■ INSTRUCTIONS TO FOLLOW
Among the lines below, the one containing "Баня из бруса 6,2х7,8 м (44 кв.м)" opens the range and the one containing "Pine Kids Full" closes it. Print that range exactly, without the pictures.

■ DATA PROVIDED
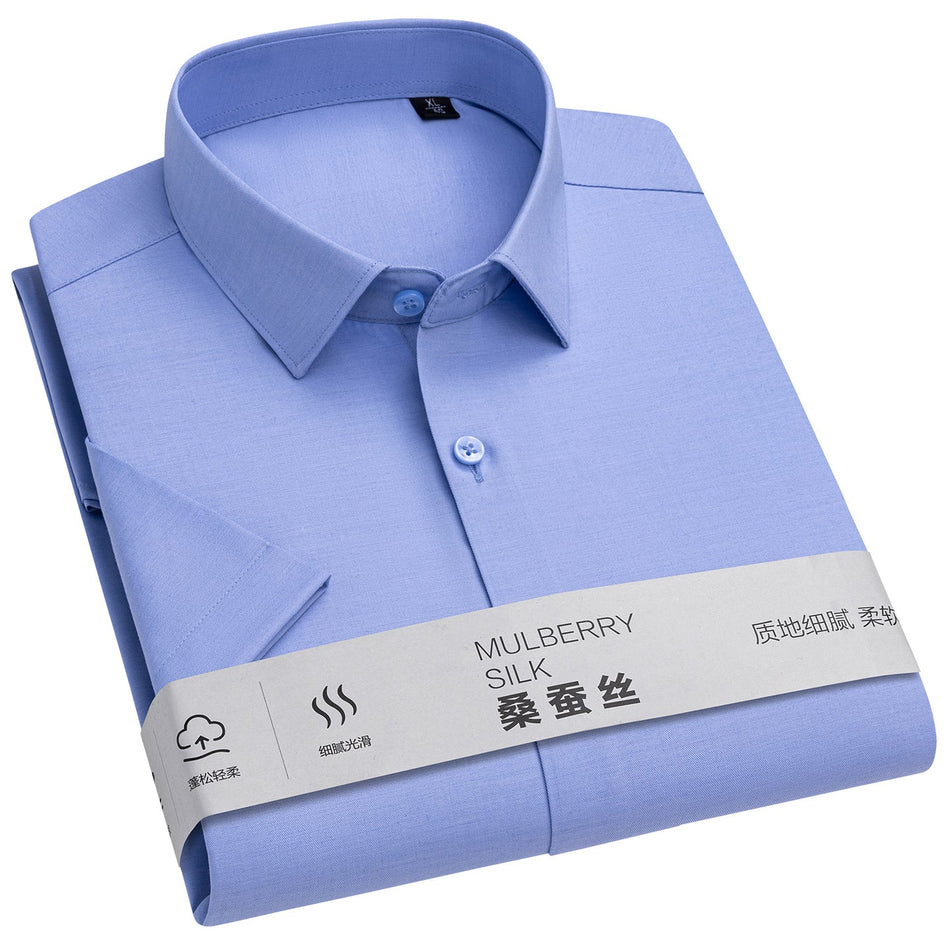 Men's Mulberry Silk Anti-Wrinkle Short Sleeve Shirt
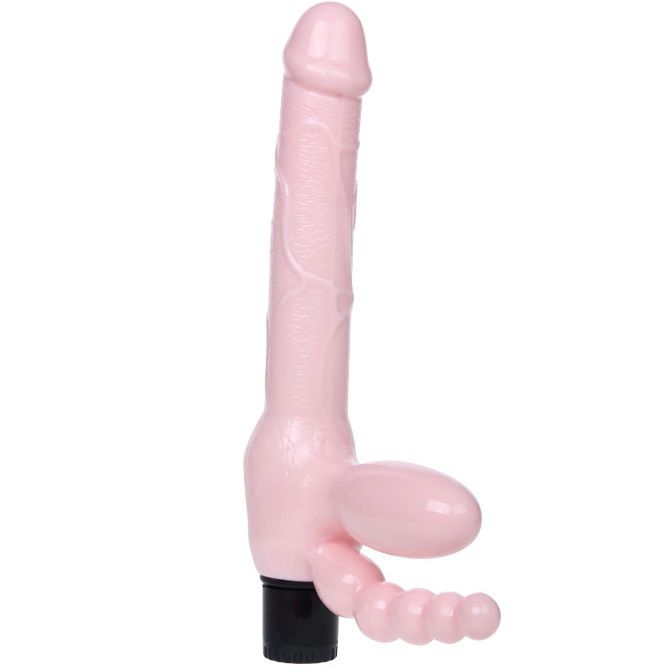 Imbragatura senza corda BAILE TPR con vibrazione e stimolazione anale, lunga 25.4 cm, dettagliata e realistica.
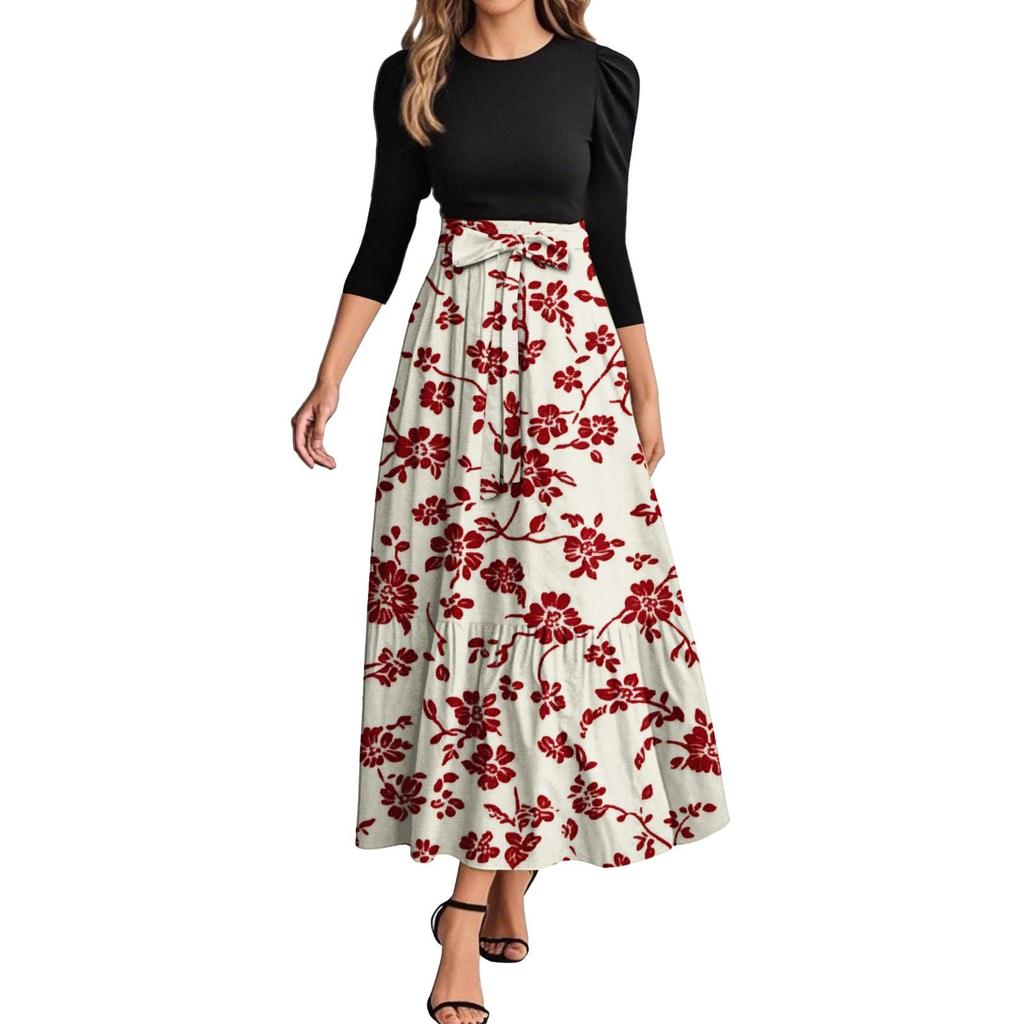 Damenmode Freizeitgürtel Rundhals Florale Stickerei Elegantes Temperament Dreiviertelarm Kleid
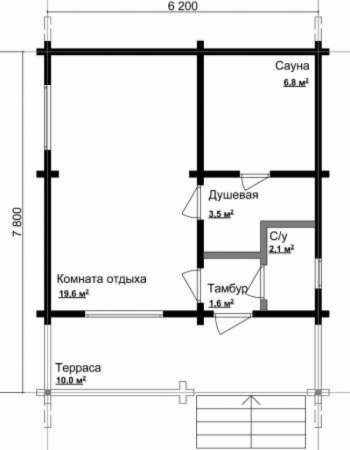 Баня из бруса 6,2х7,8 м (44 кв.м)
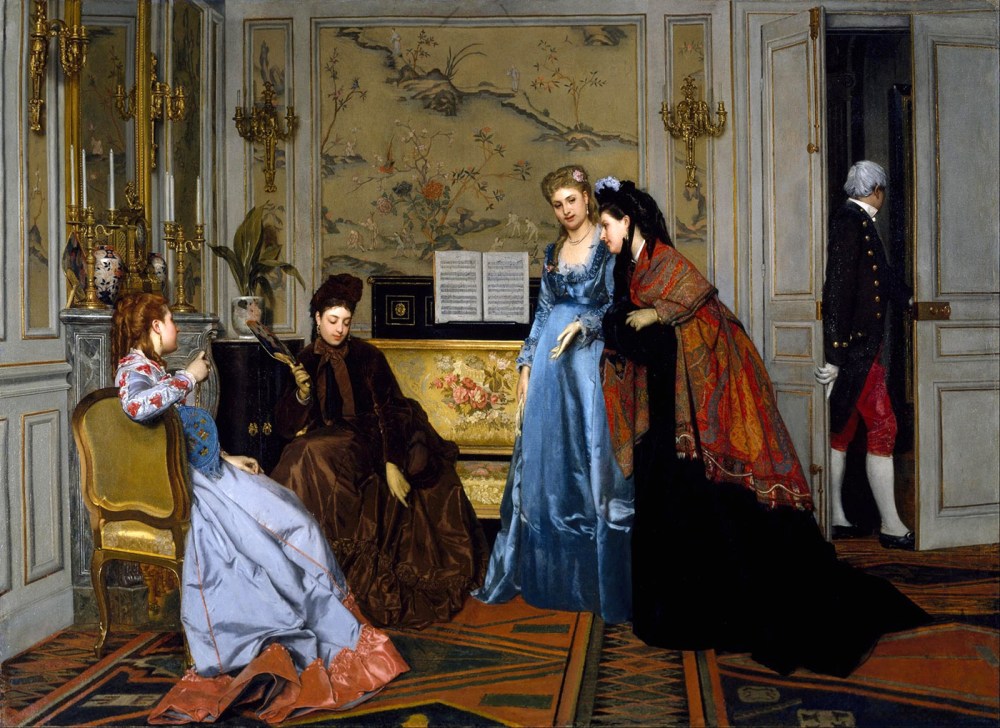 Atribuido a Alfred Stevens. Figuras elegantes en el salón. 1840-1906. Museum of Fine Arts. Houston.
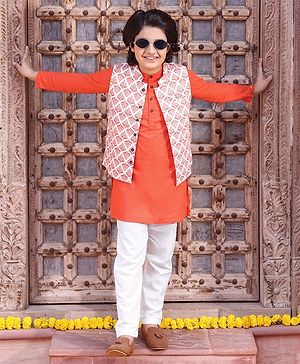 Pine Kids Full Sleeves Kurta Pyjama Set wih Printed Bandi - Orange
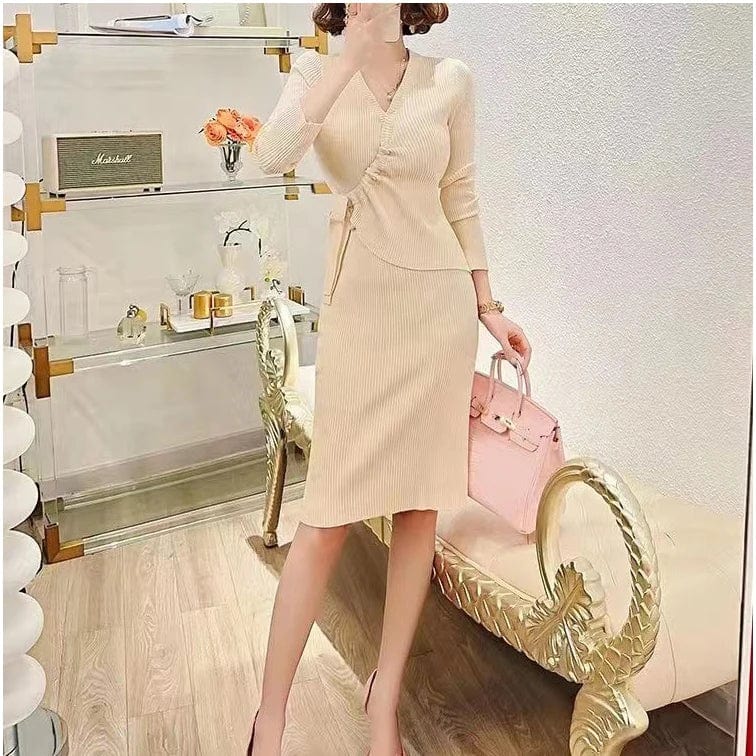 2024 Spring office ladies new arrival v-neck long sleeve high waist with belt elegant sweater dress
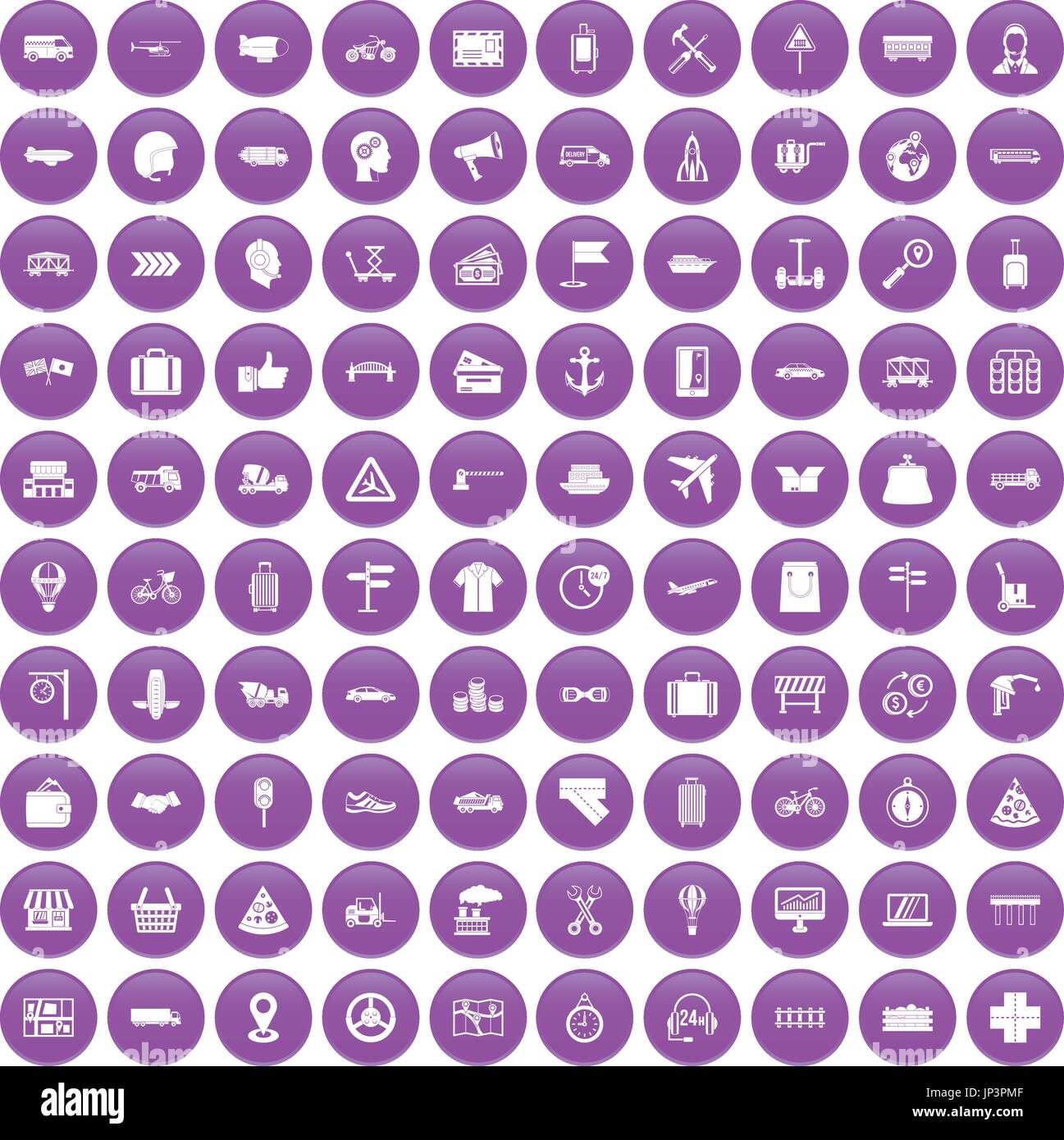 100 delivery icons set purple Stock Vector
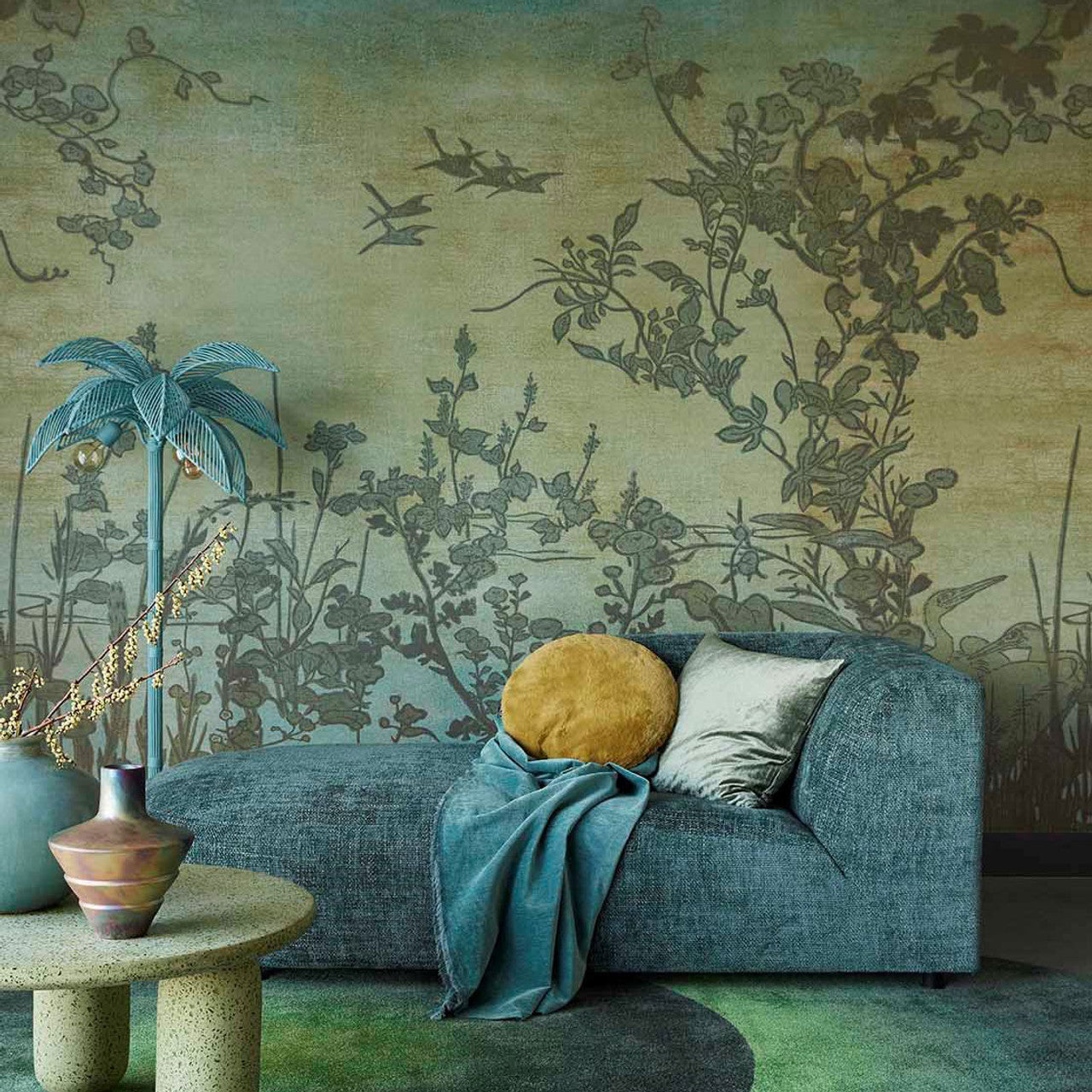 333471 - Botanical Oasis Emerald Mural Wallpaper - Blue - Eijffinger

■ TASK ANSWER
 Баня из бруса 6,2х7,8 м (44 кв.м)
 Atribuido a Alfred Stevens. Figuras elegantes en el salón. 1840-1906. Museum of Fine Arts. Houston.
 Pine Kids Full Sleeves Kurta Pyjama Set wih Printed Bandi - Orange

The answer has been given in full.